I have a gas bill I haven’t paid in months. Due to a mixup, we were charged double for our gas over the summer, and it’s been my job to resolve it. But I haven’t, because I just don’t like to think about it.
I have a thank-you card that’s been waiting for months to be sent, but I don’t have the right address. Now I’m so ashamed to admit it to myself that I can’t bring myself to think about it, so I never take action to get the address. So I never send it.
I have a letter I received two years ago which I still haven’t opened. I think I know what’s inside, and it’s important to me. I’ve been waiting for a big moment. But the moment never came, and now, two years later, I can’t imagine a moment big enough to be worth all the wait. When I think about it, my face gets hot, and I push it out of my mind.
These things hold a great deal of power over me. They are fractures in my integrity. Any time I make myself a promise, any time I aspire to do something great, these things remind me that I’m a failure.
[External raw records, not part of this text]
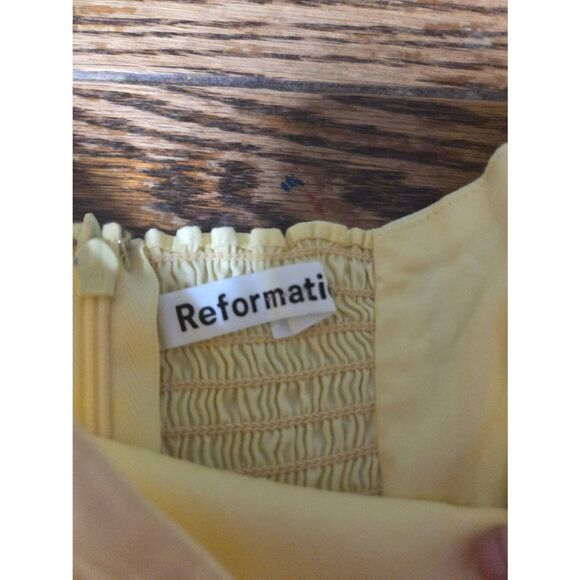 Reformation  Jeune Dress In Yellow Sz 6 - Picture 2 of 4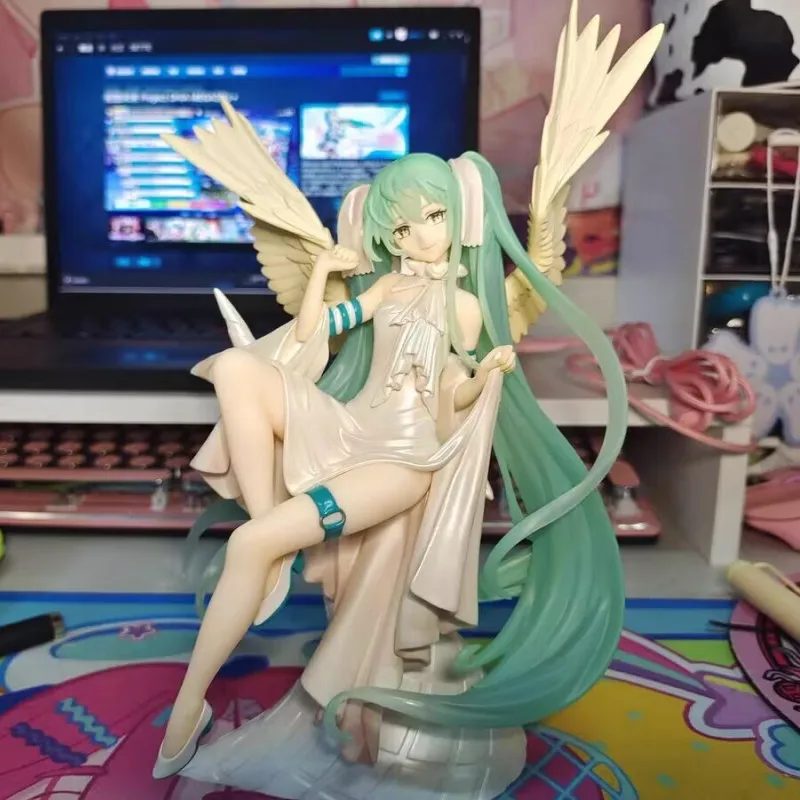 21cm Original Vocaloid Hatsune Miku Furyu Tenitol Dark Angel Devil Pvc Action Figure Collection Model Doll Toys Birthday Gift
21cm Original Vocaloid Hatsune Miku Furyu Tenitol Dark Angel Devil Pvc Action Figure Collection Model Doll Toys Birthday Gift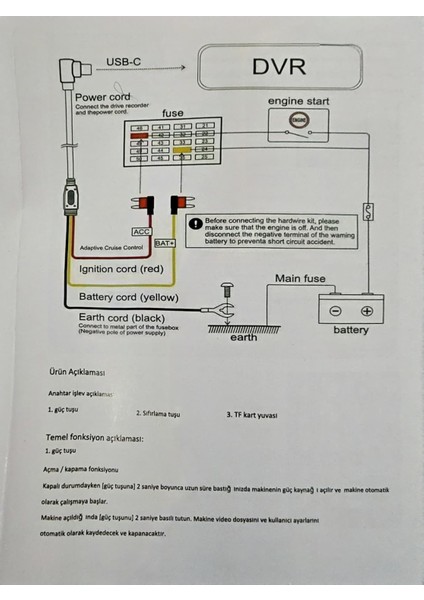 4K Ultra Hd Araç Içi Kamerası – Çift Kamera - Wifi, Gece Görüş, Geniş Açı, Döngüsel Kayıt, Arka Kamera Destekli, 3.2" IPS Ekran, Gps Opsiyonlu, Park Modu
That I have a terrible secret. That I’m unwhole.
Today, I am taking a stand. I will resolve each of these fractures. I will finish one each week, and in three weeks, I will be healed. To strengthen that commitment, I will begin to resolve this week’s fracture immediately.
I gave these things power. I gave away my power to them, and only I can take it back.
Maybe you can’t wait to do the same.
This kind of thing happens to me all the time. It is awesome that you decided to deal with your fractures. Sometimes I am too scared to deal with mine, no matter what inspiring things my friends say or do.
It’s a tough cycle, isn’t it? The decision to fix it has to be your decision. The key, I think, is self-forgiveness. When you can forgive yourself for putting things off, there’s no need to be ashamed, just some cleanup to do. It’s also the hard part.